UN delegates gathered in Madrid on 2 December for the opening of ‘COP25’ Climate Change Conference. The conference will be held from 2 -13 December in Madrid and comes as a next step in the process of advancing UN initiatives on climate change. The summit is expected to be attended by delegates from 197 countries or ‘Parties to the Convention’ who have ratified the 1994 United Nations Framework Convention on Climate Change (UNFCCC). International talks will focus on the global pledge to reduce greenhouse gas emissions by the 2050 deadline.

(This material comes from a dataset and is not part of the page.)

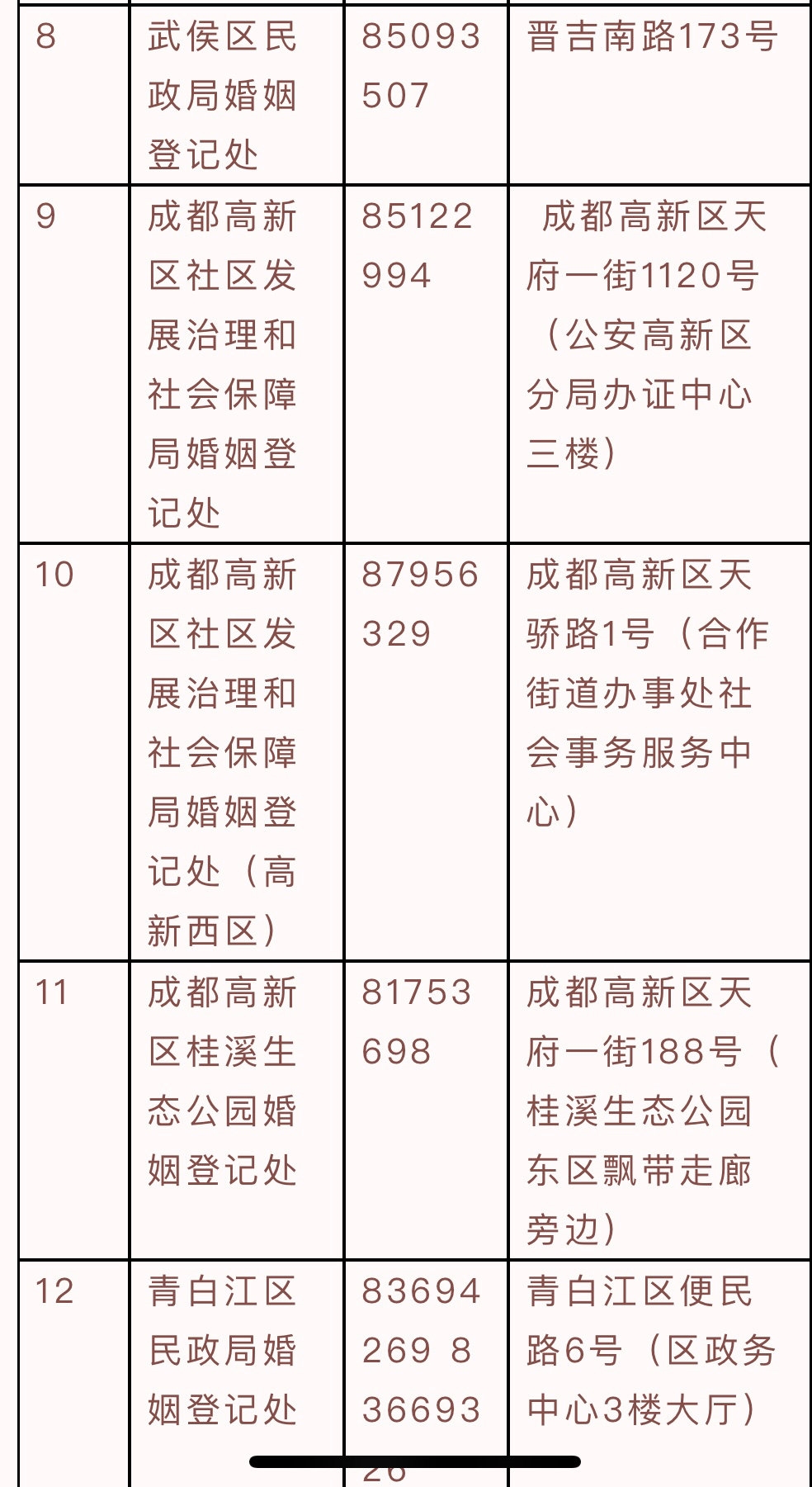 在成都，婚姻登记“跨省通办”怎么办？你关心的问题都在这里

At its launch in Madrid today UN Secretary General Antonio Guterres outlined the “increased ambition and commitment” that the world needs from governments during the coming days of the COP25 UN climate change conference which opens in Madrid on Monday, calling for “accountability, responsibility and leadership” to end the global climate crisis. Guterres tweeted on 1 December,

“I expect a clear demonstration of increased #ClimateAction ambition & commitment out of #COP25. Leaders of all countries need to show accountability & responsibility. Anything less would be a betrayal of our entire human family and all generations to come.”

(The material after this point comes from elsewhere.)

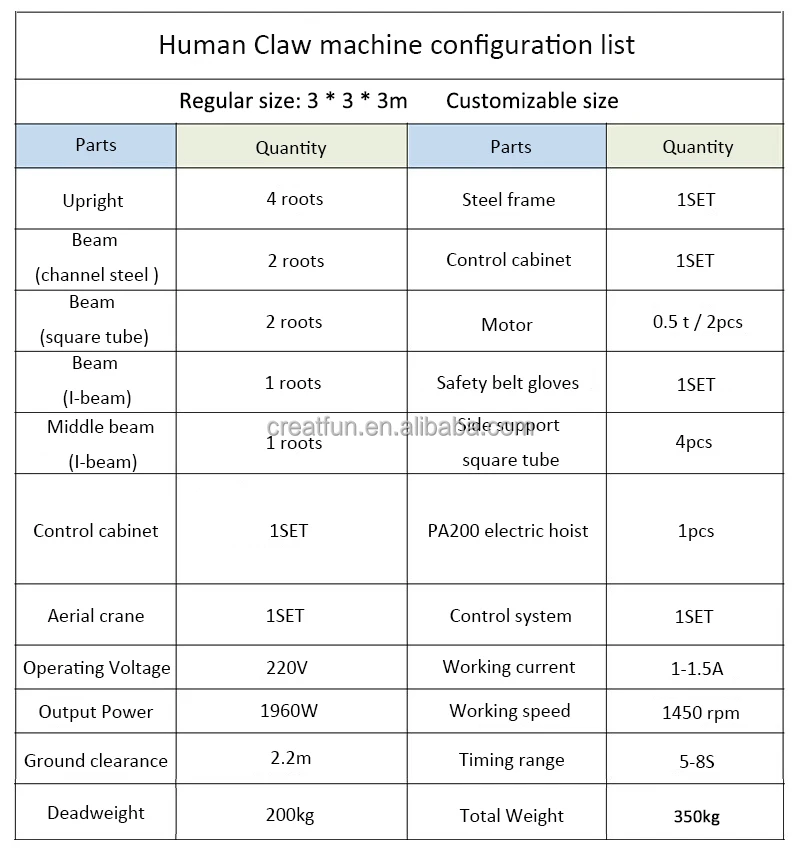 configuration list.jpg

Initially, the summit was due to be held in Chile, but was moved to Spain under the Presidency of the Government of Chile, due to civil unrest there. Anti-government protests have seen at least 23 people killed with reports from 25 November and 2,300 have been injured, with scores blinded by projectiles.

Spain’s acting Prime Minister Pedro Sanchez, called on delegates and participants to be bold,

“No one can independently pull out of this challenge,” Sanchez told delegates. “There is no wall high enough to protect any country from this challenge, however powerful they are.”

What is the COP25

The Climate Conference or COP25, as it is known, or the ‘Conference of the Parties’ to the UN Convention on Climate Change, is tasked with making sure that the Convention, and the 2015 Paris Agreement are being implemented. The 2015 Paris Agreement:

“brings all nations into a common cause to undertake ambitious efforts to combat climate change and adapt to its effects, with enhanced support to assist developing countries to do so”

Following agreement on the implementation guidelines of the Paris Agreement at COP 24 in Poland last year, a key objective of the COP25 is to complete issues to do with making the Paris Climate Change Agreement adhered to.

Climate change – a human rights issue?

Climate change affects many human rights, including limiting access and rights to health, food, and water and UN Deputy High Commissioner for Human Rights Flavia Pansieri states that for some small island nations, it may even affect the right to self-determination. The UN Environment Programmes report on Climate Change and Human Rights concludes that,

“a clean, healthy and functional environment is integral to the enjoyment of human rights, such as the rights to life, health, food and an adequate standard of living.”


In his opening remarks Guterres highlighted that world leaders are not living up to their commitments, but he praised the motivation of young people and their enthusiasm for change.

“Young people are showing remarkable leadership and mobilisation. [But we need] political will to put a price on carbon, political will to stop subsidies on fossil fuels [and start] taxing pollution instead of people.”

Young people have been galvanized worldwide in recent months, in a movement that is taking its lead from Swedish teenage activist Greta Thunberg. Thunberg is travelling across the Atlantic by sailboat to attend the talks and sent a message of support to protesters via Twitter.

“Everyone’s needed. Everyone’s welcome. Join us,”

Demonstrations took place in 2,300 cities in 153 countries in the days leading up to the summit, with protestors aiming to put pressure on leaders to take action.

US Senior officials were notably absent from the first day of discussions. The US is the only country to have begun its withdrawal from the Paris agreement. The Trump administration announced on 4 November that it would begin formally withdrawing the US from the Paris climate accord, the first step in a year-long process to leave the landmark agreement to reduce emissions of planet-warming gases.